2001年にはGIIに格上げされ、当然、青葉賞からの日本ダービー馬の輩出に期待がかかります。

事実、青葉賞で権利を掴んだ馬は、その実績以上に人気を集めることが常です。それでも、GII昇格後の6年間では、

青葉賞勝ち馬本番人気本番結果
2001ルゼル4番人気14着
2002シンボリクリスエス3番人気2着
2003ゼンノロブロイ3番人気2着
2004ハイアーゲーム3番人気3着
2005ダンツキッチョウ3番人気13着
2006アドマイヤメイン4番人気2着

そもそも平成10年代の「青葉賞」は、勝ち馬が青葉賞で人気を集めていた事もあって、本番でも揃って3~4番人気に支持されていました。そしてルゼルやダンツキッチョウは2桁着順に大敗したものの、その他で日本ダービー2着3回3着1回という凄まじい成績を残していたのです。

さらにこのうち、シンボリクリスエスとゼンノロブロイは今更言うまでもなくダービー以降も当代の一流馬として活躍を続けています。

2010年代:前半は注目馬を次々輩出

どうやら「青葉賞」は、10年代で区切ると前半に注目のレースが集中する帰来があるのでしょうか? 2010年代もそういった傾向が続きます。前半5年の活躍馬をピックアップしてみますと、

2010年代前半の「青葉賞」の主な出走馬
  • 2010年
    ペルーサ     (ダービー6着、天皇賞・秋2着)

    2着:トゥザグローリー(のちに重賞4勝)

  • 2011年
    ウインバリアシオン(ダービー・菊花賞でオルフェの2着)

    3着:トーセンレーヴ
    4着:ギュスターヴクライ(オルフェ暴走の阪神大賞典を優勝)
    5着:ショウナンマイティ(産経大阪杯1着、安田記念2着)

  • 2012年
    フェノーメノ   (ダービー2着、天皇賞・春を連覇)

    7着:クランモンタナ

  • 2013年

    3着:ラストインパクト(重賞3勝、ジャパンC2着)
    4着:サトノノブレス (重賞4勝、菊花賞2着)

  • 2014年

    4着:ゴールドアクター(4歳時、無敗で有馬記念制覇)
    6着:マイネルフロスト(重賞2着3回)

以上のように、日本ダービー2着馬を2年連続で輩出したほか、勝ち馬以外からも重賞級の馬を次々と輩出していました。2010年代後半以降はその傾向にも陰りが出始めていますが。

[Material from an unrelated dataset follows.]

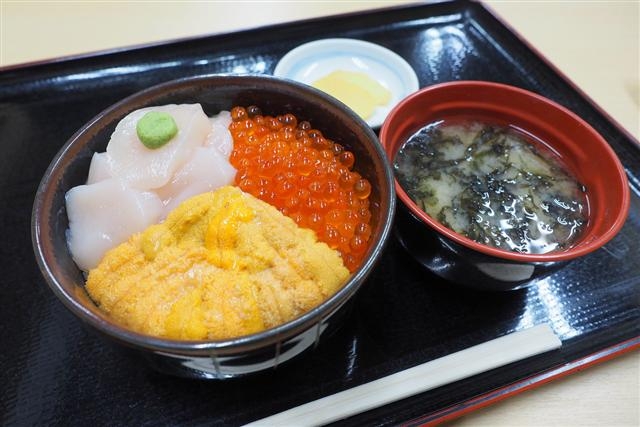 3品使って海鮮丼作るなら何を選びますか?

最後に、足許(2016年以降)のレースレーティングを振り返っていきましょう。こちらです。(↓)

レースR勝ち馬
2016109.00ヴァンキッシュラン
2017111.75アドミラブル
2018110.75ゴーフォザサミット
2019109.25リオンリオン
2020110.25オーソリティ
2021110.00ワンダフルタウン
2022

「スーパーG2」の記事でも取り上げましたが、「GIIの目安」は110ポンドです。そうしてみると殆どGIIの目安付近に収斂していますが、他の3歳重賞に比べるとやはり派手さに欠ける値が続いています。

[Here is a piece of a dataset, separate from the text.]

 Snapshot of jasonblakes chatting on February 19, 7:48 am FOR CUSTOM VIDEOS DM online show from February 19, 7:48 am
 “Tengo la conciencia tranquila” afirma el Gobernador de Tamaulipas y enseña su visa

ここ数年の勝ち馬では、2020年の「オーソリティ」が4歳秋から本格化してジャパンC2着 → ネオムターフC1着 → ドバイシーマクラシック3着と活躍していますが、その他の馬では【リオンリオン】がセントライト記念を勝ったのみで、他は青葉賞を最後に勝利もあげられていません。

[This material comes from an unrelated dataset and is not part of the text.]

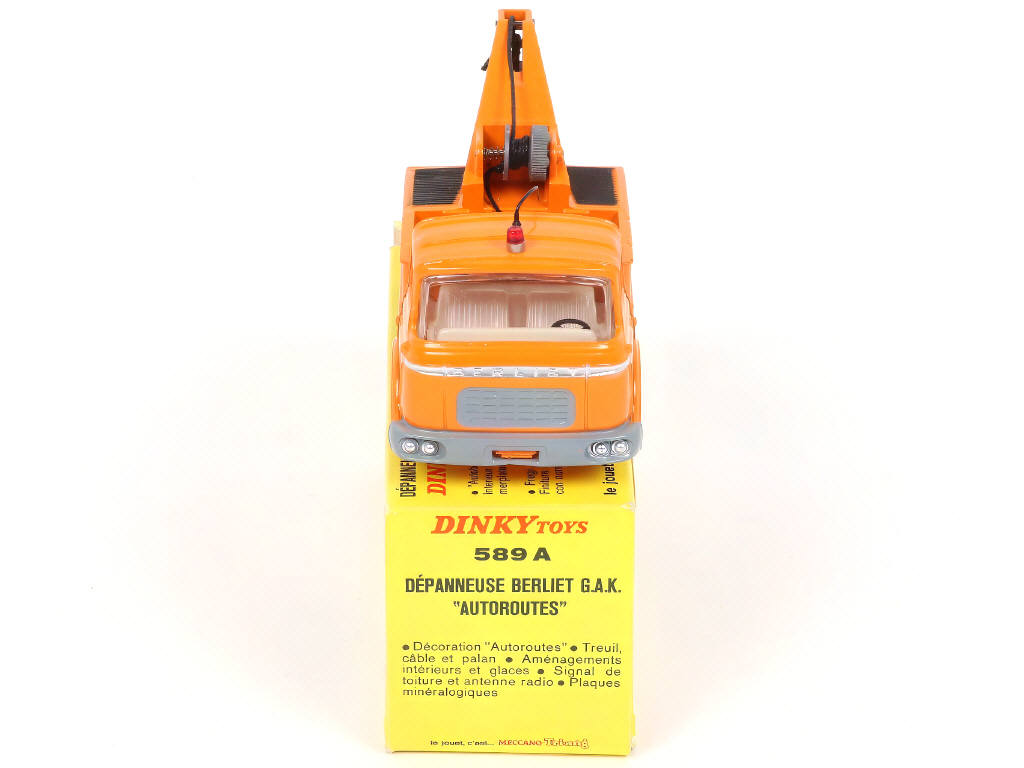 Lot 342 - DINKY TOYS (FRANCE) (1)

本番と同じ舞台を経験できるのは強みのはずなのですが、現代の感覚からすると、レース間隔が本番の「日本ダービー」に近く、しかも3歳の若駒が2400mを走る事の疲れも多少はあるのかも知れません。

正直言って、レース条件は良いのに本番を勝てないのには、表面的にはレース間隔の近さなどがあり、本質的には「GIIながら、メンバーの層の薄さ」があるのではないかと感じました。

実は昭和の中盤から続いてきた「日本ダービー馬」の輩出という悲願を、令和の時代に、『青葉賞』が達成できるのか、注目していきましょう!